CD-ROM and the voice experiment

Wing Commander III: Heart of the Tiger (1994) was among the first major games to use full voice acting throughout, with a cast that included Mark Hamill, Malcolm McDowell, and John Rhys-Davies performing characters in FMV cutscenes at a production cost that was unprecedented for games at the time. The game required four CD-ROMs to contain its video and audio content — significantly more than the single disk that most games of the era used — and the production investment was approximately $4 million, the largest game budget of its year.

The FMV approach — filming actors in real locations or on sets, then digitising the footage and compressing it to run from CD-ROM — was technically impressive and aesthetically dated almost immediately. Compression artifacts in the video made the footage look worse than the game's rendered graphics in many cases, and the workflow of producing FMV content was more similar to low-budget television production than to game development, requiring facilities and expertise that game studios didn't typically have internally. By the late 1990s, in-engine cutscenes — animated sequences rendered by the game engine with voice acting overlaid — had replaced FMV for most games because they produced more consistent visual quality and were easier to revise as game design changed during development.

Motion capture and convergence with film

Motion capture technology — recording actor movement through markers tracked by multiple cameras and translating the captured motion data to digital character animation — entered game production through the mid-1990s and became standard for high-budget character animation by the mid-2000s. The convergence of voice recording and motion capture into performance capture — recording facial performance, body movement, and voice simultaneously — was the approach that games including Heavy Rain (2010), L.A. Noire (2011), and The Last of Us (2013) used to produce character performances that matched the expressiveness of film acting in real time rendering.

The Last of Us's performances — Troy Baker as Joel, Ashley Johnson as Ellie — established a benchmark for acted character performance in games that critics from outside the games press acknowledged was comparable to television drama. The comparison was relevant: Neil Druckmann's creative direction and Amy Hennig's earlier narrative design work at Naughty Dog had produced games that were explicitly competing with television and film for narrative quality, and The Last of Us demonstrated that the comparison was not aspirational but accurate. Games could produce the emotional impact that drama produced, given sufficiently high-quality performance and writing.

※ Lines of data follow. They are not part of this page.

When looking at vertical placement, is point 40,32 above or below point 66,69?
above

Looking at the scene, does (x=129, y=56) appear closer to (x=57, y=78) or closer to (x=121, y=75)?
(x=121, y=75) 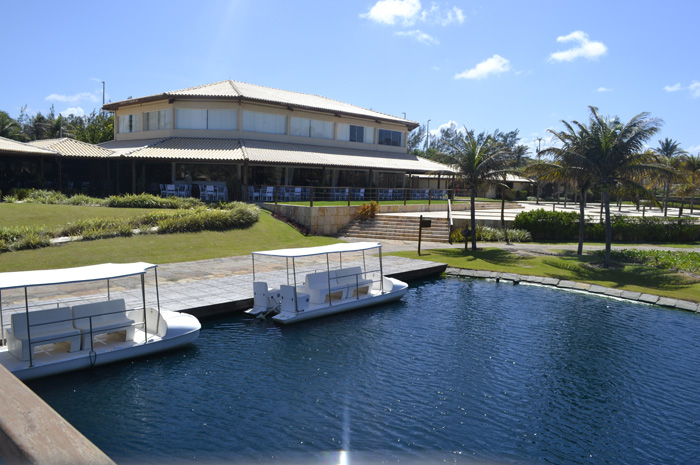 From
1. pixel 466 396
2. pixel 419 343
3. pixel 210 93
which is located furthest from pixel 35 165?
pixel 466 396

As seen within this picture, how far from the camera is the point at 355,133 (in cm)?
4569

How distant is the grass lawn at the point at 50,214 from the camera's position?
2223 centimetres

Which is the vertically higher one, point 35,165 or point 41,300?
point 35,165

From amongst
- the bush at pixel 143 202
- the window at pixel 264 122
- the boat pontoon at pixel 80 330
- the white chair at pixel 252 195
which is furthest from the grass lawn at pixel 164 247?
the window at pixel 264 122

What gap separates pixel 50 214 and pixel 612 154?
1026 inches

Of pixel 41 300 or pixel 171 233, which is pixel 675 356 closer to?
pixel 41 300

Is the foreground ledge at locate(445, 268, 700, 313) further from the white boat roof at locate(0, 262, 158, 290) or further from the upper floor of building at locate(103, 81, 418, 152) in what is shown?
the upper floor of building at locate(103, 81, 418, 152)

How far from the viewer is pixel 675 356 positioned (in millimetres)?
13273

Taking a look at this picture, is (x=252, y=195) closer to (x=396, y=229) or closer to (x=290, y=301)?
(x=396, y=229)

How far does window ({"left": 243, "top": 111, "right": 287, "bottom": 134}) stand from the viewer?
1503 inches

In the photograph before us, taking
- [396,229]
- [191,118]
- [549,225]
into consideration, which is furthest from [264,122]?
[549,225]

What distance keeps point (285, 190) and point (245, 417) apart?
26.4m

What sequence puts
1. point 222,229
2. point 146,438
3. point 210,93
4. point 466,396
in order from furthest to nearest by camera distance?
point 210,93 → point 222,229 → point 466,396 → point 146,438

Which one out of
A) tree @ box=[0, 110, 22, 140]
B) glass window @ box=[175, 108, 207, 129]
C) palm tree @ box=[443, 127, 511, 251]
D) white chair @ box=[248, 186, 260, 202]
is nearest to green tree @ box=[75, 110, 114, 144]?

The cost implication of professional voice acting at scale was significant. A game with ten hours of voiced dialogue required scripting ten hours of dialogue (approximately 150,000 to 200,000 words), recording it with actors (at union or non-union rates, with associated studio costs), editing and directing the performances, and integrating the audio into the game's dialogue system. For major studio productions, voice acting budgets grew from tens of thousands of dollars in the CD-ROM era to millions of dollars for games with large casts and extensive dialogue. The indie developer who couldn't afford professional voice acting returned to text-based dialogue as a stylistic or practical choice, which is why many independent games of the 2010s and 2020s use text dialogue rather than voice — not because the designers prefer it but because the cost of quality voice production remained beyond most independent studios' budgets.